There are currently 42 plaintiffs seeking to represent a class of users of Ashley Madison, an online dating service that helps people cheat. Those plaintiffs want to sue Avid Life Media, the parent company of Ashley Madison, as John Does, “to reduce the risk of potentially catastrophic personal and professional consequences that could befall them and their families,” according to court papers (h/t New York Times).
They claim that Avid didn’t safeguard their personal and financial information, and peddled a “full delete removal” service for $19 a pop that didn’t actually purge user account information from its database. The plaintiffs are also accusing the company of populating the site with accounts from fake female users to lure customers.
Judge John A. Ross of the United States District Court in the Eastern District of Missouri said in his ruling [PDF] that plaintiffs in cases that involve accusations of rape, child sexual abuse, and other sensitive matters have been allowed to be anonymous.
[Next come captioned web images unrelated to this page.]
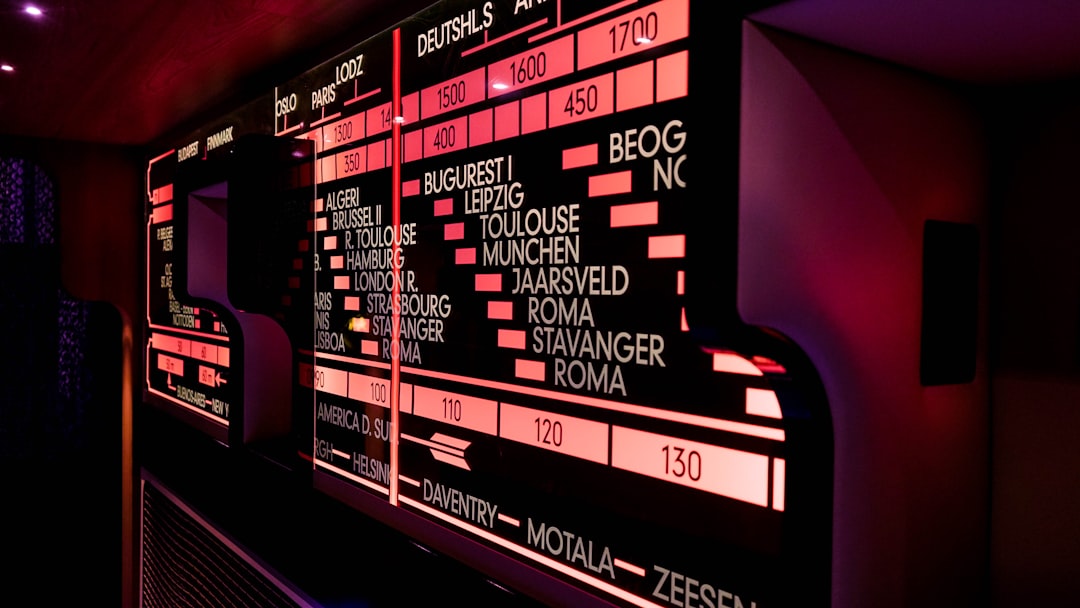 white destination signage, This is an oldschool flightboard to see which flight is going where. I was in the Institute f
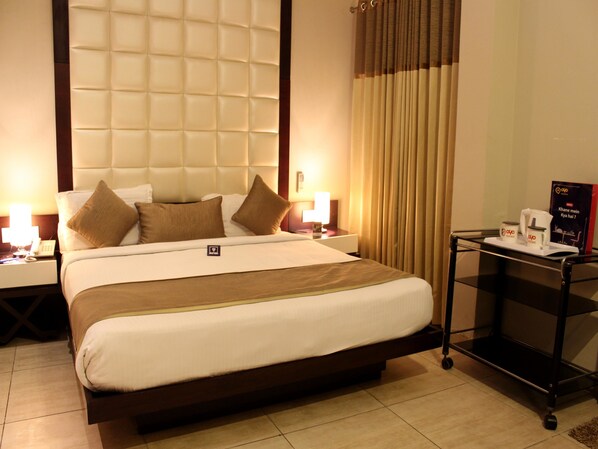 A hotel room with a large bed, a nightstand with a lamp, a small table with a coffee maker, and curtains.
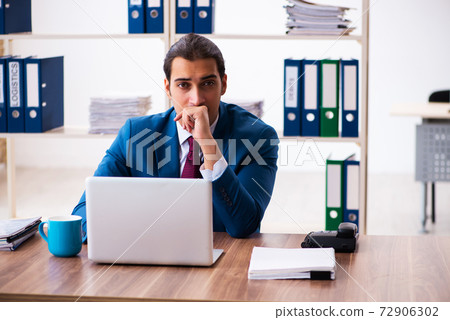 Young male employee working in the office 72906302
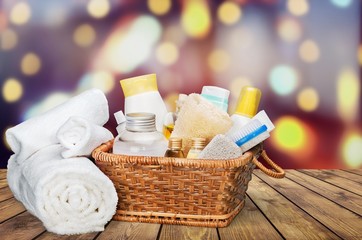 Bath towel and basket with accessories for spa on blur background
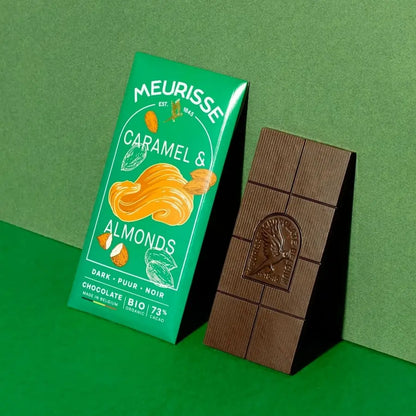tabliczka czekolady Meurisse Caramel & Almonds 73% obok zielonego opakowania na zielonym tle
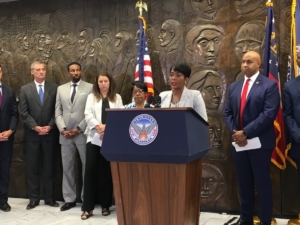 Atlanta Mayor Keisha Lance Bottoms, surrounded by council and staff members, announces that city spending down to the checkbook level is now online for the last two years. It'll be updated quarterly. Credit: Maggie Lee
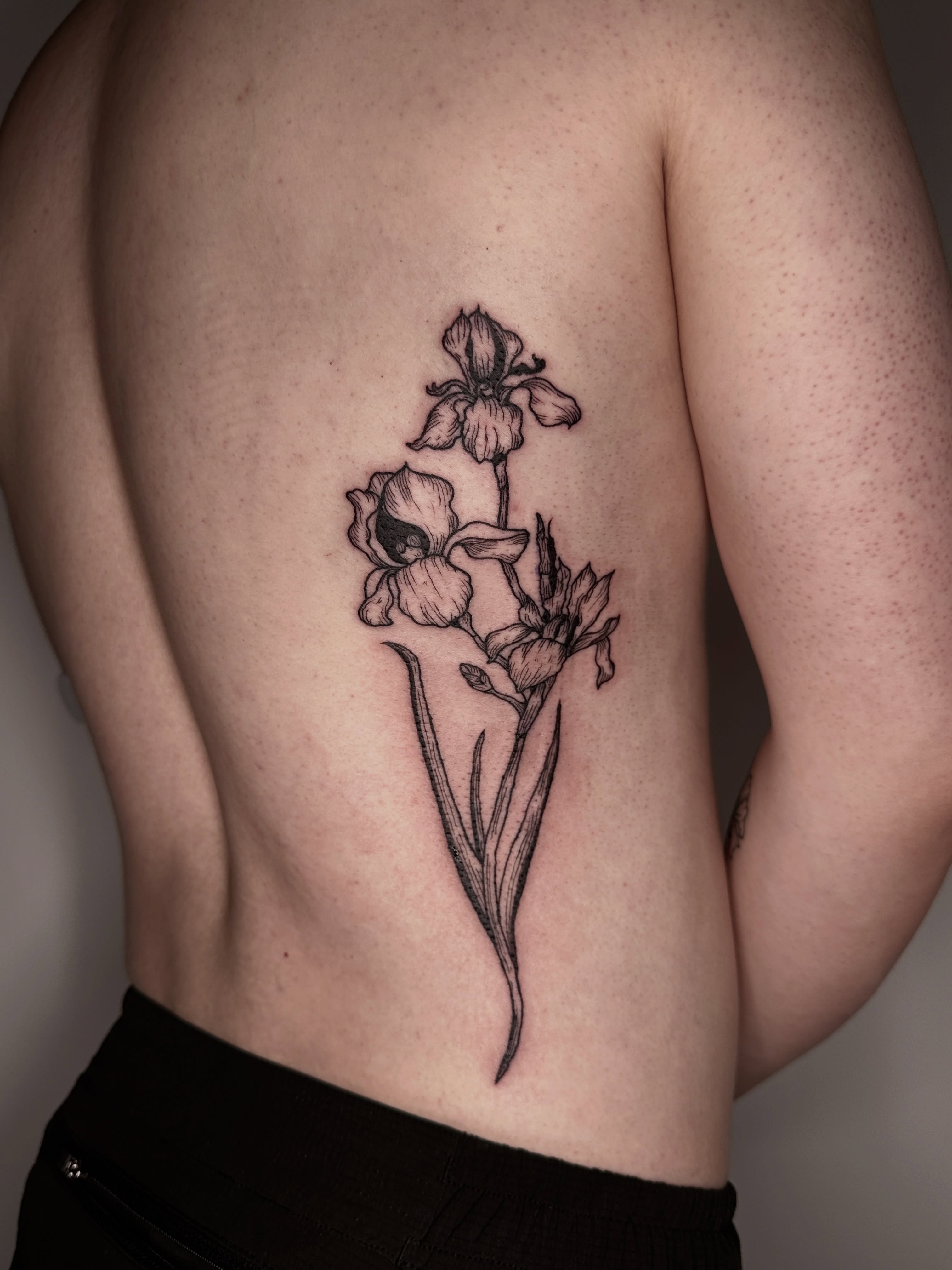 Iris flowers black and grey tattoo on the ribs by Zecember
But in other court cases, the mere embarrassment wasn’t enough to outweigh the presumption of openness and public scrutiny in judicial proceedings.
“At the same time, there is a compelling public interest in open court proceedings, particularly in the context of a class-action suit, where a plaintiff seeks to represent a class of consumers who have a personal stake in the case and a heightened interest in knowing who purports to represent their interests in the litigation,” he wrote.
The sexual preferences and habits of the plaintiffs “do not constitute information of the utmost intimacy” that would require withholding their names, the judge wrote.
It’s not like no one has seen their names anyway, the judge added, what with that whole “massive data leak all over the internet” thing.
“Moreover, the personal and financial information plaintiffs seek to protect has already been released on the Internet and made available to the public,” Judge Ross wrote in a ruling dated April 6 that was first reported by Ars Technica earlier this week.
Those who still want to go forward class representatives, who have a fiduciary obligation to represent the entire class of plaintiffs and who “generally receive an incentive award as compensation for work done on behalf of the class,” will have to disclose their identities, the judge wrote.
If they don’t want that role, they could dismiss their complaints and then proceed as class members — if and when a class is certified. Class members won’t have to be identified by name.